The Gallup poll confirms four other pollsters who have put Petro on top after initially lagging behind Peñalosa when campaign began months ago.
In Medellin, where the election race has been particularly aggressive, independent candidate Perez leads with 37.8%, followed closely by Gaviria who received 36.5% of the intentional votes. According to Gallup, the margin of error is 3.9%, making the poll results a virtual tie.
Perez made a remarkable jump from 31.7% to 37.8% in 24 hours, while Gaviria went from 34.1% to 36.5%.
The rise of Perez comes amid accusations by both outgoing mayor Alaonso Salazar and citizen complaints registered by the independent electoral observer NGO Electoral Observation Mission, who called the electoral situation in Medellin critical because of the involvement of locally active illegal armed groups in the process and the apparent breaking of electoral law by the mayor denouncing Perez’s alleged ties to illegal armed groups..

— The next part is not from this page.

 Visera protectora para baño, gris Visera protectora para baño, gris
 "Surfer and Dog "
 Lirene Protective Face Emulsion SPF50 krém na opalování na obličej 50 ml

This year’s election campaign has not only been particularly turbulent in Medellin; with 41 candidates murdered nationally and roughly 88 Colombian candidates receiving death threats.
According to the MOE’s Claudia Lopez, “in these elections we are finding that besides illegal armed groups such as the FARC, neo-paramilities, drug cartels, common criminals are also carrying out acts of violence against candidates and threatening and killing candidates as a form of interference in local politics.”
In addition to a dramatic election race there have been concerns throughout Colombia that the possibility of election fraud is extremely high.
In terms of voter fraud, there have been abnormal increases in newly registered identification papers, resulting in scrutiny from overseeing organizations, such as the MOE, as well as reports of buying votes.
There have also been declarations that corruption and voter swaying will result in biased election outcomes. There have been reports of politicians with paramilitary ties as well as biased attacks against specific political parties, candidates, and individuals.
“On Sunday, millions of Colombians will choose our regional leaders – mayors, governors, councilors, representatives – and it’s the ideal time, through voting, for us to punish the corrupt and choose the most honest and most capable [candidates],” President Juan Manuel Santos told the Colombian voters Thursday.
There is a lot weighing on the 2011 elections as they will determine who will have political rule over Colombia’s major cities; Bogota, Medellin, and Cali and areas crucial for criminal groups involved in drug trafficking and local elites who face nationally-promoted land reforms.
In preparation for the election, cities and towns across Colombia have buckled down in accordance with regulations that prohibit the sale and consumption of alcohol, transportation of arms, and exit or entry across international borders.
More than 330,000 Army troops and police officers have been deployed to protect and oversee the voting process, assuring that armed groups or subversive campaigners don’t sway votes, and no-show citizen election observers could be fined up to $3,000 dollars if they don’t appear for work Sunday.
However, the MOE sent out an alert for possible riots after the closng of the polls and the announcing of the results. The organization called on candidates to ask their followers to keep calm and secure peaceful elections.
Colombia’s Electoral Council has announced it is fully prepared for the elections that will take place Sunday between 8AM and 4PM.
The president of National Electoral Council, Joaquin Jose Vives, said that they will begin counting ballots as soon as the polling stations close until midnight on Sunday. They will resume counting at 9AM on Monday and announce the winners later that day.